Elect Pershing's slate of five Nominees for Management Change and install Hunter Harrison — who pioneered Precision Scheduled Railroading at Illinois Central and CN — as CEO to drive an operational and cultural overhaul.
A mid-60% operating ratio by 2015 implies CP's intrinsic value reaches roughly $140 per share within three years, versus a mid-$70s pre-campaign price — roughly 90% upside for shareholders.
The three reasons
- 1
CP has the worst operating ratio of any Class I railroad — 18 points behind CN
- 2
Under Fred Green, CP returned -18% vs. rail peers averaging +22% to +93%
- 3
Hunter Harrison's Precision Scheduled Railroading transformed IC and CN — same playbook works at CP
Primary demands
- Replace CEO Fred Green with Hunter Harrison
- Elect five Pershing-backed directors (the 'Nominees for Management Change') to the CP Board
- Adopt Precision Scheduled Railroading to close the operating-ratio gap to CN
- Refresh the Board with railroad, restructuring and shareholder-value expertise
KPIs cited
Pattern membership
Precedents cited
- Illinois Central transformation under Hunter Harrison (1989-1998)

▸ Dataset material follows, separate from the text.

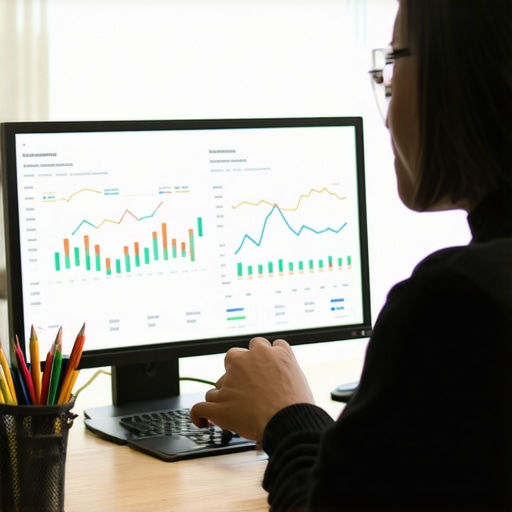 Person analyzing SEO metrics on a computer with charts and citation data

- CN transformation under Hunter Harrison (1998-2009, Precision Scheduled Railroading)
- J.C. Penney (Pershing board influence, Ron Johnson hire)
- Pershing Square track record at Wendy's, Tim Hortons, McDonald's, Ceridian, GGP, Fortune Brands, Howard Hughes, Alexander & Baldwin
Composition what's on the 112 slides
Slide gallery ·
Notes
Canonical activist proxy deck, widely cited as a gold-standard specimen of the genre. Distinctive rhythm: sparse one-line statement slides (green/red 'questions to ask', 'the results?') interleaved with dense peer-gap charts, and a long Fred Green CEO-quote-contradiction sequence (roughly pages 55-68) juxtaposing management's confident forward guidance with subsequent underperformance. Core framing reduces the proxy contest to a binary: 'If CP had no CEO, whom would you hire — Fred Green or Hunter Harrison?' Five-seat slate includes three independent Canadian directors (Colter, MacDonald, Melman) plus Ackman and Hilal (proportionate shareholder representation). Sum-of-parts not used — the argument is operational alpha vs. peer, not break-up value.